Site iconPoliteknik – Halkın Mühendisleri Mimarları Şehir Plancıları

Hopa’da yağmur nasıl felakete dönüştü? – Politeknik


Doğu Karadeniz’deki yoğun yağış sonrasında Hopa’da sel ve heyelan oldu. Hopa Çayı üzerine kurulu yerleşim bölgeleri tamamen sular altında kaldı. Artvin Valiliği’nin ilk açıklamasına göre yedi kişi hayatını kaybetti, iki kişi ise kayıp.

Doğu Karadeniz’de 23 Ağustos’tan itibaren devam eden yağış sonrasında Hopa’da sokaklar ve caddeler göle döndü. Arhavi-Hopa-Fındıklı arasında Karadeniz Sahil Yolu ulaşıma kapandı. Ayrıca Hopa-Borçka-Artvin karayolunda da sel suları nedeniyle ulaşımın sağlanamadığı bildirildi. Yağış sonrası meydana gelen sel, bir kez daha kentlerde plansız yapılaşmanın halkın yaşam güvenliğini nasıl tehlikeye attığını gösterdi.

Hopa’da yağmur nasıl felakete dönüştü?
-Hopa’da yağışlar sonrasında sel altında kalan bölge Hopa Çayı taşkın alanı içinde bulunuyor.

-Hopa Çayı geniş ve eğimi yüksek bir havzaya sahip. Bu sebeple Hopa Çayı’ndaki yoğun yağışlar dere yatağı üzerine kurulu yerleşim bölgeleri için her zaman tehlikedir.

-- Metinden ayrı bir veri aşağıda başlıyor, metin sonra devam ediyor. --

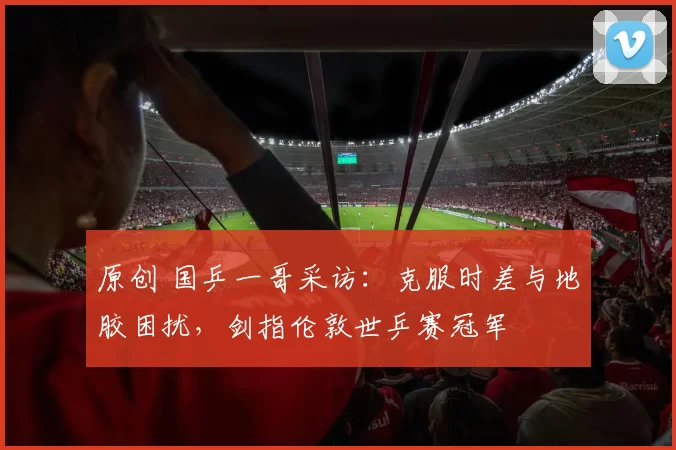 原创 国乒一哥采访：克服时差与地胶困扰，剑指伦敦世乒赛冠军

-Hopa Çayı’nın özelliklerine rağmen Hopa’daki yerleşim alanı ile deniz arasında kot farkı olmadığı için Hopa Çayı denize doğrudan mansaplanıyor, yani denizle doğrudan buluşuyor.

-Hopa’da yoğun yağışlar sonrası geniş ve eğimi yüksek Hopa Çayı hızla yerleşim alanına taşıyor, bu taşkın yerleşim alanı ve deniz arasında kot farkı olmaması nedeniyle denizle doğrudan buluşuyor, doğrudan buluşma noktasında su şişmeleri oluyor, su şişmeleri geriye doğru giderek yerleşim alanında sel baskınlarına, su taşkınlarına neden oluyor.

DSİ’nin sorumlulukları
-Devlet Su İşleri (DSİ) dere etrafında bulunan yerleşim alanları için taşkın haritası çıkarmalı, yerleşim bölgeleri bu taşkın haritasına göre planlanmalıdır.

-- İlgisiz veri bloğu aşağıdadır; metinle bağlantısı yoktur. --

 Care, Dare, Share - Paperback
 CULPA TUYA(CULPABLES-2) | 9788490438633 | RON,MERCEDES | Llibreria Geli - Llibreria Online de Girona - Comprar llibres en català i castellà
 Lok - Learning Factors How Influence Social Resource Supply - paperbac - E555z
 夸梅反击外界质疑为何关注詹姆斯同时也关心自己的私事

-DSİ dere yatakları civarında düşünülen yerleşim alanları için, 500 yılda bir olma olasılığı olan su taşkınları hassaslığında taşkın risk haritası belirlemek zorundadır. Yani yağış rejiminin 500 yıllık olasılıklarını göz önünde bulundurmalıdır.

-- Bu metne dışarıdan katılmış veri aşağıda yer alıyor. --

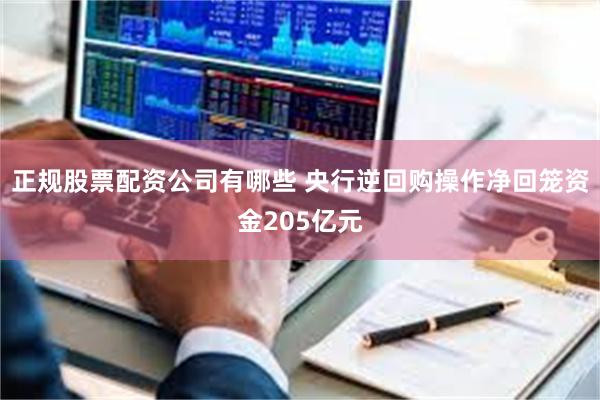 正规股票配资公司有哪些 央行逆回购操作净回笼资金205亿元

-DSİ taşkın alanında bulunan bölgelerin imara açılmasını onaylamamalıdır.

Hopa’da yaşanan sel, DSİ’nin bu haritayı çıkarmadığını, çıkardıysa da taşkın riski taşıyan alanların imara açılmasına göz yumduğunu ortaya koyuyor.

Karadeniz Sahil Yolu’nun felakete etkileri
-Karadeniz Sahil Yolu, birçok yerleşim bölgesinde derelerin denizle mansaplandığı noktalardan menfezler ya da köprülerle geçiyor.

-Sahil yolundaki bu menfez ya da köprüler yağış sonrası dere taşkınlarına set ya da baraj gibi davranıyor. Bu durum taşkın seviyesini ve alanını genişletiyor.

Karadeniz Sahil Yolu su taşkınlarını tetikleyebiliyor.

Kent politikaları kentlerde yaşam güvenliğini yok ediyor
Kentler, yerleşim alanları; yaşamlarımızı güvenli bir biçimde sürdürecek şekilde planlanmalıdır. Deprem, sel, heyelan gibi acil durumlar dikkate alınmadan kentler planlanamaz.

Hopa’da yağmurun sel felaketine dönüşmesi, bu felaketin ölümlerle sonuçlanması dere yataklarının imara açılmaması gerektiğini bir kez daha büyük bir acıyla göstermiştir. Hopa’da arama kurtarma çalışmalarının da gerçekleşememesi olası acil durumlara karşı hazırsızlığı da gözler önüne sermektedir.

Hopa’daki sel felaketinden kentlerde güvenli bir yaşamı tesis edemeyen yerel ve merkezi yönetimler sorumludur. DSİ ve Orman Su İşleri Bakanlığı başta olmak üzere, 13 yıllık iktidarını bugün gayri meşru bir biçimde sürdüren AKP Hopa’daki sel felaketinin sorumlusudur.